Still holding the guards in place to complete the release of the doors, Isaac reached towards Alessa, wrapping his arm around her waist and pulling her close to his side. He beamed down at her, his sapphire eyes filled with pride. Her eyelids fluttering shut, Alessa reached her lips towards his, craving his touch after so many weeks apart.
But as Alessa closed the space between them, her lips met nothing but air. Opening her eyes with alarm, she found Isaac crumpled on the floor, a massive snarling guard looming over her holding a heavy baton.
“Isaac!”
Alessa dove to the floor on top of Isaac, shielding him from the guard’s oncoming blows.
“…Alessa?” Isaac croaked. His whisper was almost inaudible over the din of the cell locks slamming back into place. Alessa could see that Isaac was dazed, just coming to after being knocked unconscious by the guard’s powerful strike, but before she could react, she found herself soaring.
Another guard wheeled her through the air, carrying her effortlessly away from the racket of the uprising. Before she could get her bearings and resist, she hit the floor with a thud and heard the slam of a heavy door. All she could sense was blackness and silence and cold.
Scrambling to her feet, Alessa felt for the metal of the door and pounded furiously against it. Bang, bang, bang, bang. No reply. Realizing her frantic knocking was futile, Alessa lashed out in frustration.
“Isaac! Isaac! ISAAC!” She screamed until her throat was raw, but a heavy, pervasive silence was the only response.
Sinking back to the floor, Alessa cringed as a wretched sob rang throughout her lonely cell, almost inhuman moans of fury and desolation. She realized with a start that they were her own.
Following the uprising, Alessa had suspected that she would never see Isaac, or Janie, again and she couldn’t have imagined anything worse. That’s when she’d started overhearing the torture.
For months, the muffled wails of her fellow inmates were the only sounds to penetrate Alessa’s thick-walled cell. She’d known it was only a matter of time until they came for her.
But when they finally did, it’d been nothing like she had expected. She’d been prepared to be battered and abused, but a guard had simply immobilized her as a lab coat clad doctor injected something into her arm. At first she thought it might be some sort of tranquilizer, but then she noticed an odd tingling in the back of her head, almost a knitting sensation, gently at first but growing more intense. And then the pain had kicked in, sharp twinges coursing through her brain as she screamed and writhed and begged for it to end.
And the next thing she knew, she’d woken up in this very same bed, on her first day of class at ESU.
Alessa had certainly suffered in her life, but her memories of solitary confinement were the most excruciating of anything she’d yet experienced. All those months alone in the dark, Isaac’s absence had become a constant panging throb that had replaced her heartbeat, leaving a gaping hole in her chest where Isaac should have been.
And suddenly Alessa knew it, viscerally, could feel it deep within her core. Isaac was hers. He was as much a part of her as her own blood, as the oxygen that seeped through her lungs.

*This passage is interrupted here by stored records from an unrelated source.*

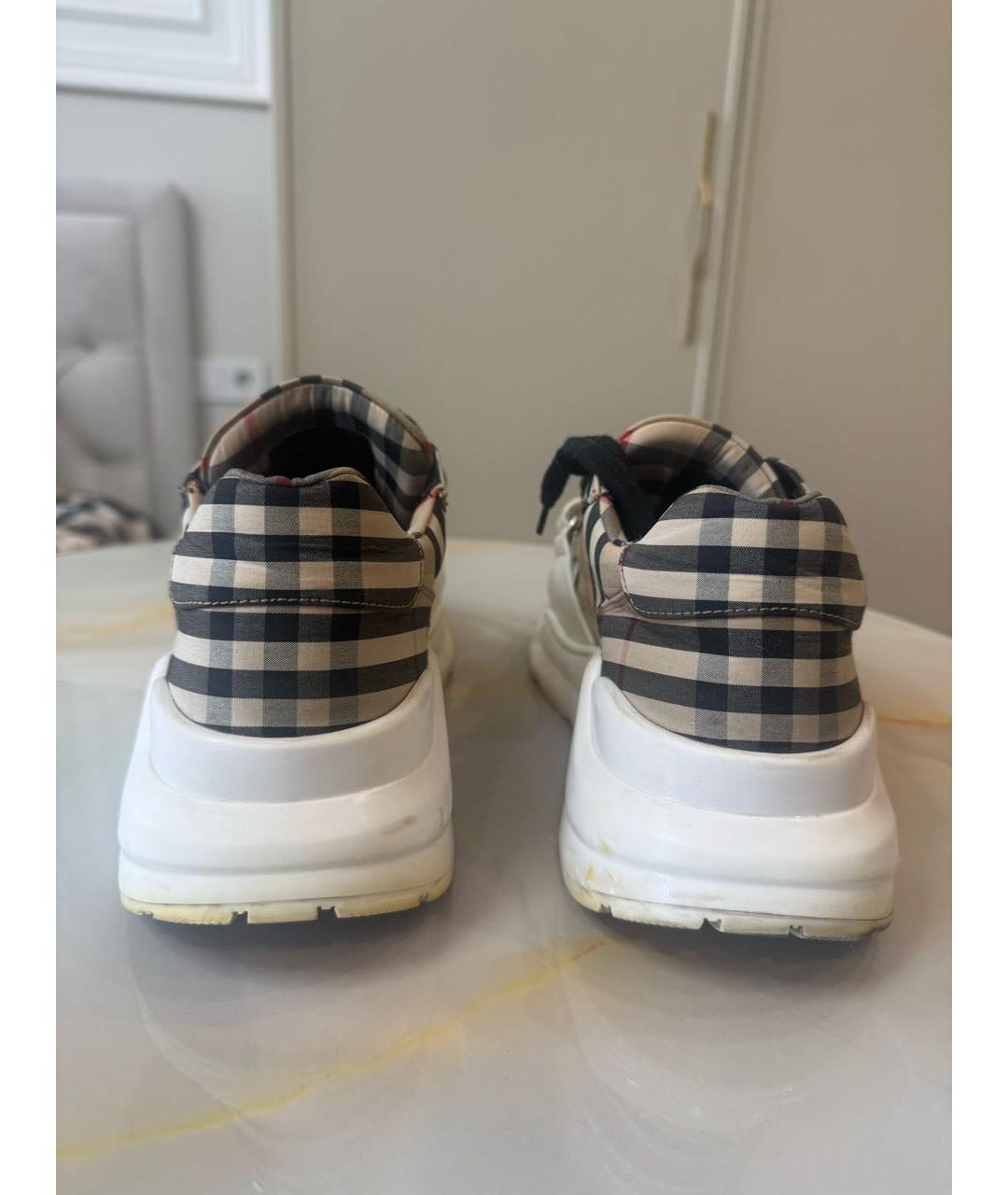 BURBERRY Бежевые кроссовки, фото 4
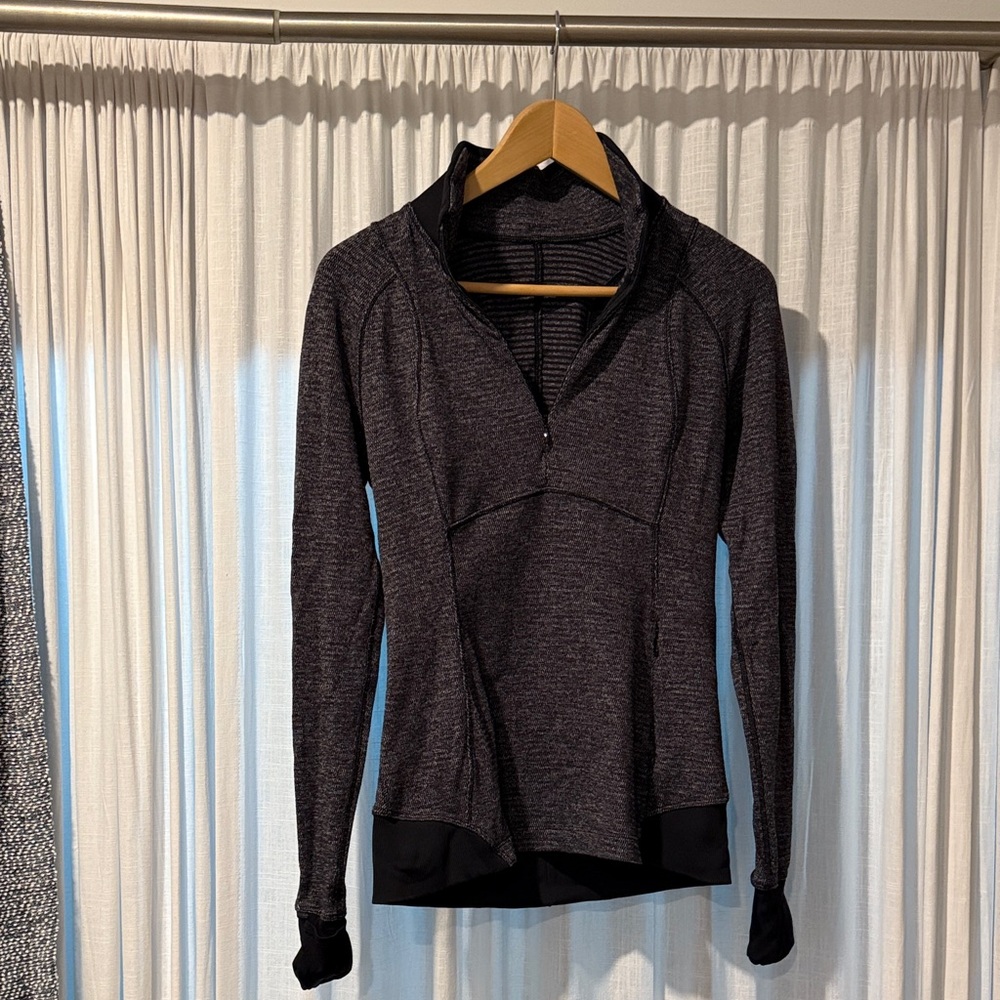 lululemon athletica Black Long Sleeve Top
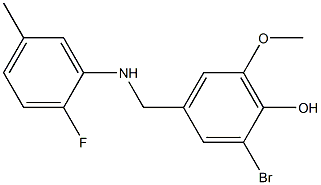 2-bromo-4-{[(2-fluoro-5-methylphenyl)amino]methyl}-6-methoxyphenol 구조식 이미지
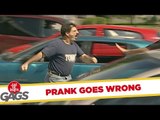 Prank Goes WRONG (Actor Almost Knocked Out)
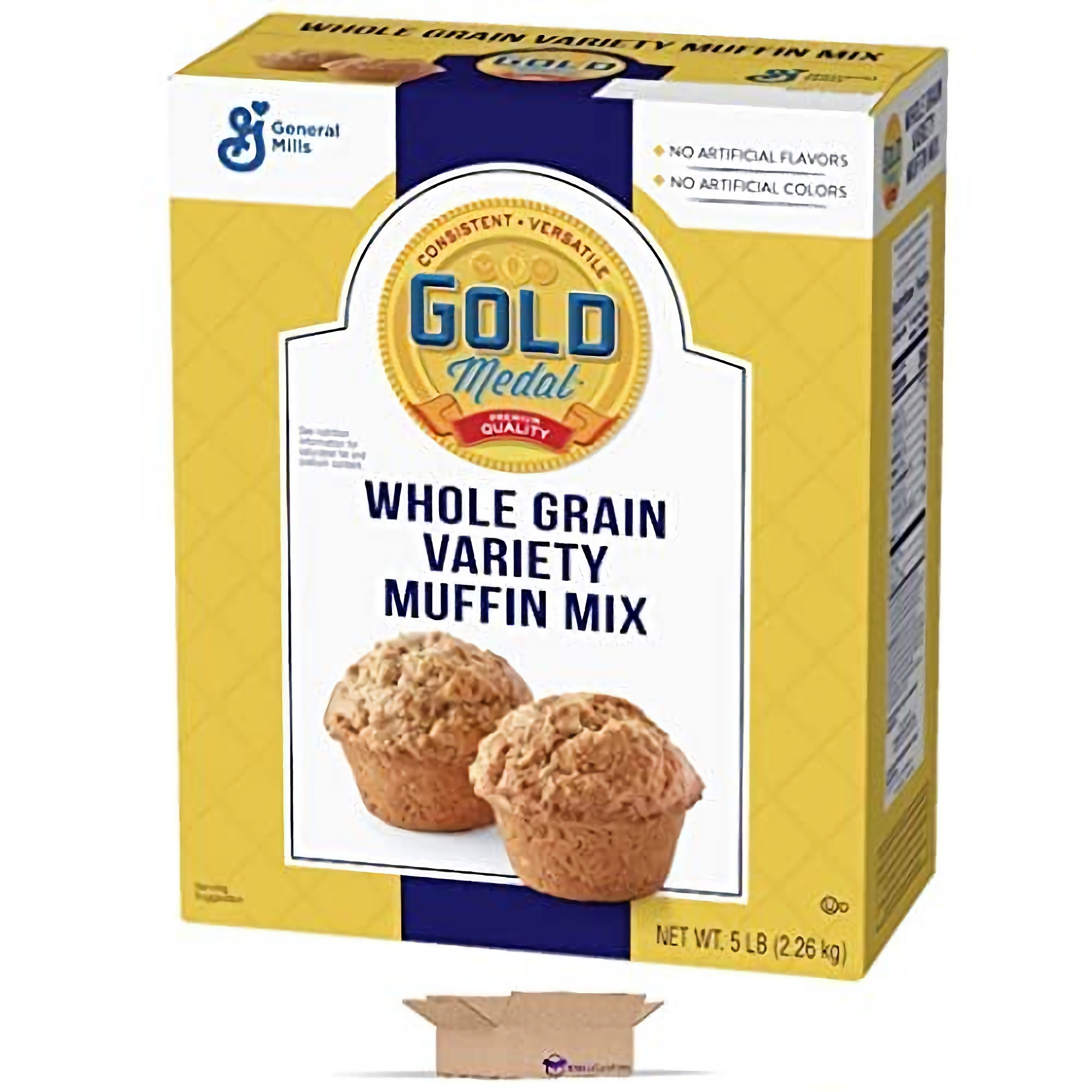 Whole Grain Variety Muffin Mix by Gold Medal | 5 Pound Box 6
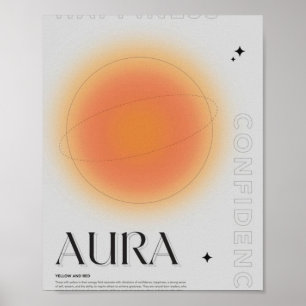 Poster Aura jaune et rouge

No wonder the last months had been so agonizing. The teasing glimpses of him had torn her apart, left her feeling hollow and empty. They might as well have taken her innards with the void his absence had left inside her.
If there was one thing Alessa was sure of, it was that she needed Isaac to be whole again. And she would do
everything
in her power to have him once more.
27. Opportunity
Over the following days, time roiled tumultuously for Alessa, each moment seeming to alternate between dragging on listlessly and whizzing right by. After regaining so much of her memory, Alessa was eager to tell Janie of everything she’d recalled and she waited anxiously for an opportunity to speak with her shielded from the camera’s ever-watchful eye. But with the producers monitoring Alessa’s every step, she was frustrated to find that that opportunity had not come, and every minute she was forced to wait seemed to last an eternity.
At the same time, with her memories flooding back, it was almost as if Alessa was living in double time. Her mind was constantly flitting back and forth between life as a college student at ESU and life as a rebel in Paragon. She was startled on more than one occasion to look up and find that over an hour had passed while she daydreamed about some past event. But in the present, Alessa could feel every single second ticking by.
The knowledge that she was under constant surveillance was disconcerting, to say the least. Suddenly, every decision she made was a matter of life and death – she was constantly coaching herself to look “natural,” to act “normal,” to make sure she stuck to whatever she knew of the producers’ planned storyline. To do otherwise – as Nikhil had regrettably discovered – would be to put herself, and Janie and Isaac, in mortal danger.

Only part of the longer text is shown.